-- Source material --
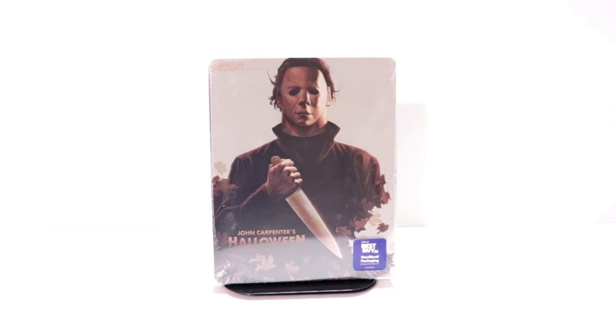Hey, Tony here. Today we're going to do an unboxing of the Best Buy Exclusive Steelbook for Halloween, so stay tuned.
---
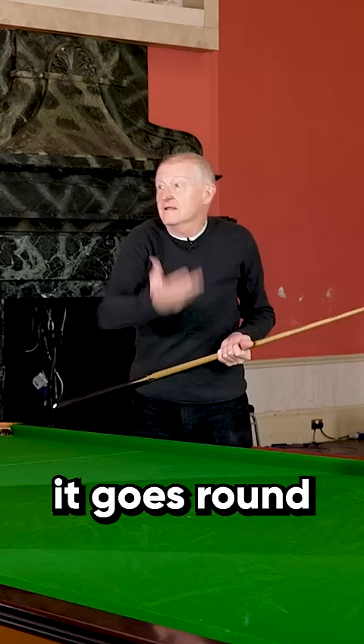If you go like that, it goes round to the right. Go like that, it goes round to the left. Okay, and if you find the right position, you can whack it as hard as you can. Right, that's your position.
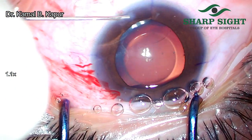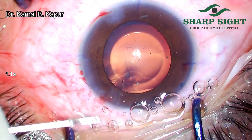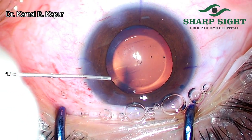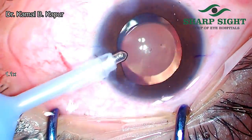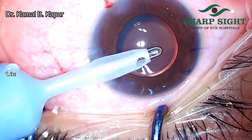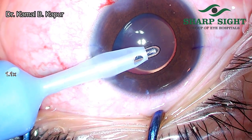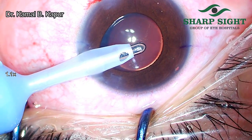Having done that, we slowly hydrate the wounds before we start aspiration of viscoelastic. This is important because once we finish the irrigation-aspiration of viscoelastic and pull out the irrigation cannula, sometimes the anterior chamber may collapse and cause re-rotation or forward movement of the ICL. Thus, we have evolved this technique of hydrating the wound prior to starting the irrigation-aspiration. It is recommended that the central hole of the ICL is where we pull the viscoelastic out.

-- Your instructions --
Leaving every picture aside, reproduce exactly the lines above from the one with "If you go like" up to and including the one with "Having done that, we", and no others.

-- Solution to this task --
If you go like that, it goes round to the right. Go like that, it goes round to the left. Okay, and if you find the right position, you can whack it as hard as you can. Right, that's your position.
Having done that, we slowly hydrate the wounds before we start aspiration of viscoelastic. This is important because once we finish the irrigation-aspiration of viscoelastic and pull out the irrigation cannula, sometimes the anterior chamber may collapse and cause re-rotation or forward movement of the ICL. Thus, we have evolved this technique of hydrating the wound prior to starting the irrigation-aspiration. It is recommended that the central hole of the ICL is where we pull the viscoelastic out.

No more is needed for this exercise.